The House ethics manual notes that there may be cases when legislation may affect the price of stock shares owned by a congressman, but adds that a member should not necessarily recuse himself from a vote, since by doing so he might be "denying a voice on the pending legislation."
16

In other words, when a member of Congress trades stock based on information not yet shared with the public but revealed to him as part of congressional business, it is legal. It is even deemed "ethical." It can also be very, very lucrative.

Some economists argue that insider trading laws should be abolished. Professor Henry Manne, for example, makes this argument in his classic book
Insider Trading and the Stock Market.
Manne contends that insider trading gives corporate executives "positive incentives" to increase stock values. Whether you agree with Manne or not, however, not even he believes that such latitude should be extended to politicians. In an e-mail to the website
Procon.org
, Manne writes: "In my 1966 book I said unequivocally that insider trading by any government official on information received in the course of their work should be outlawed. We do not want them to receive extra compensation or outside compensation for doing their job. And, of course, all too frequently their access to this information is merely another form of a bribe, and that sure as hell is not legal."

In Manne's mind we have it exactly backward in our current laws: corporate executives can't do it, but politicians can.

In fact, politicians and their staffers not only can trade on inside information they passively receive, they can do the equivalent of an athlete betting on his own game. They can and regularly do introduce legislation and then buy or sell stock in companies that will be affected by that legislation.

"It is difficult to imagine a more obvious betrayal of the public trust," writes Andrew George, discussing this practice in the
Harvard Law and Policy Review.
"It is even more difficult to imagine that such behavior could be completely legal."
17
As Stephen Bainbridge, a law professor at UCLA, puts it, "Congressional insider trading creates perverse legislative incentives and opens the door to serious corruption. Yet, both Congress and the SEC have turned a blind eye."
18
Congresswoman Louise Slaughter adds, "Congress and the federal government are now so enmeshed in the operations of our financial markets that the potential for abuse by members of Congress, congressional staff and federal employees is staggering."

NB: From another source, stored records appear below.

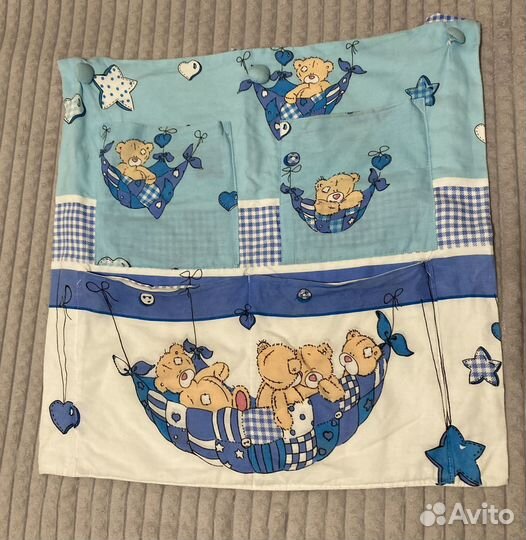 Бортики в кроватку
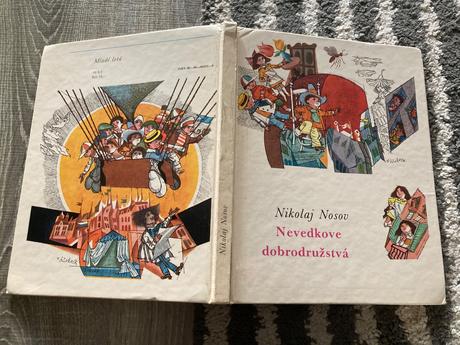 Nevedkove dobrodružstvá-vyd.1990, 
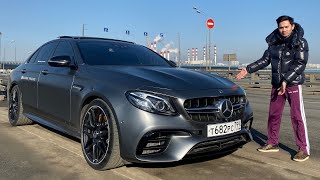 ТАДЖИК КУПИЛ НОВУЮ E63 AMG! НАШЛИ ЗАБРОШЕННЫЙ MASERATI!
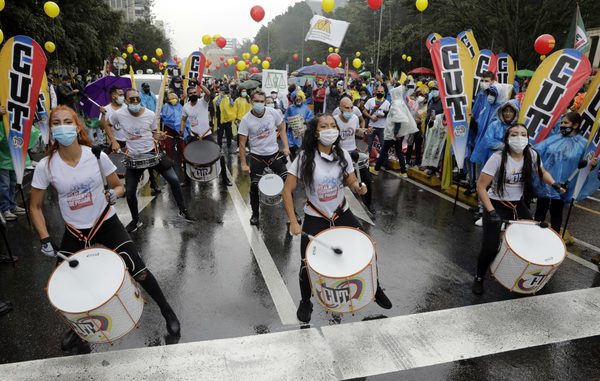 La "toma de Bogotá" se desinfla con una marcha sin apenas afluencia - MarketData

So are there any limits on this bad behavior by our lawmakers? If you ask a member of Congress, he or she will insist that financial disclosure requirements are sufficient. Politicians must disclose their financial transactions once a year for the previous year. In practice, however, as we have seen, it's nearly impossible to link their trades with contemporaneous legislative activity at such a distance. They can, and often do, file for extensions, meaning that their disclosures come, in some instances, eighteen months after they traded shares. Transactions are also reported in broad general ranges, making it difficult to establish volume price and profitability. Then there is the added problem that many politicians submit incomplete forms, obscuring either the dates or the amounts of their transactions.